Staggering ctest starts

PaulK · January 20, 2023, 3:38pm

Dear ctest community!

I was wondering about a small problem I have with ctest tests:

I have a test suite of, let’s say 100 tests. On average, these tests can run fine in parallel, however, when started in parallel there is a high likelihood of a out-of-memory error occurring because of some internal buffer allocation that does happen at the same time.

My question now, apart from scripting it myself: Is there some smart/integrated way to stagger the startup of tests with ctest with cmake/ctest? Just an offset of a few ms would be enough here. Ideally, this would be a setting or configuration for the ctest-command.

Right now, I opted to hardcode a random 1-second delay in the startup routine of my tests. That works okay-ish but can be somewhat annoying when you just want to run a single (ctest)-test quickly from the IDE, because you might need to wait a second or so for a test that takes less than a second to execute.

Basically I wonder if there is a better way…?

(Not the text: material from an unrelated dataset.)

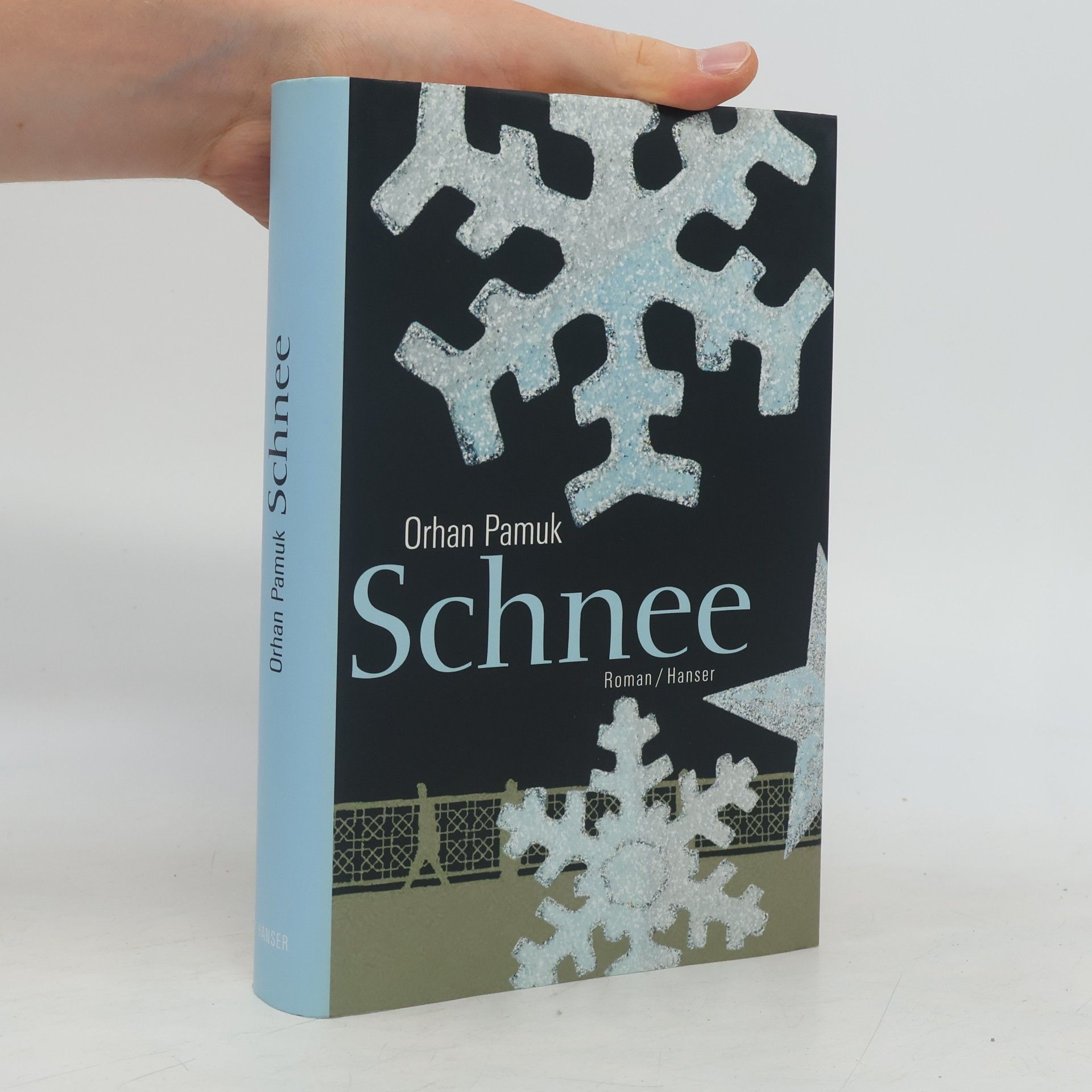 Orhan Pamuk Schnee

ben.boeckel · January 22, 2023, 2:40am

It seems like something that could be managed using RESOURCE_GROUPS.

Cc: @kyle.edwards

PaulK · January 24, 2023, 3:44pm

Hey, thanks for your reply Ben!

Resource groups are fine etc, but if I understand it correctly, they only allow me to limit the number of tests that are run in parallel… While this is technically the correct behavior (e.g. good use on a buildserver), it is still undesired for user-testing:

If I have, let’s say 8 GB of memory available for testing, and my tests required 4 GB of memory for a brief moment (let’s say 1% of the total test runtime) approximately at the same time after starting, I do not want to limit the tests to only run 2 in parallel per-se. I much rather would like run all my 20 tests in parallel, but space out the temporary 4 GB allocation (as I said, I do this by introducing a random sleep right now).

This is a lot more convenient when manually running the tests, because limiting parallelism will make it so that my tests take way longer (real time) to run.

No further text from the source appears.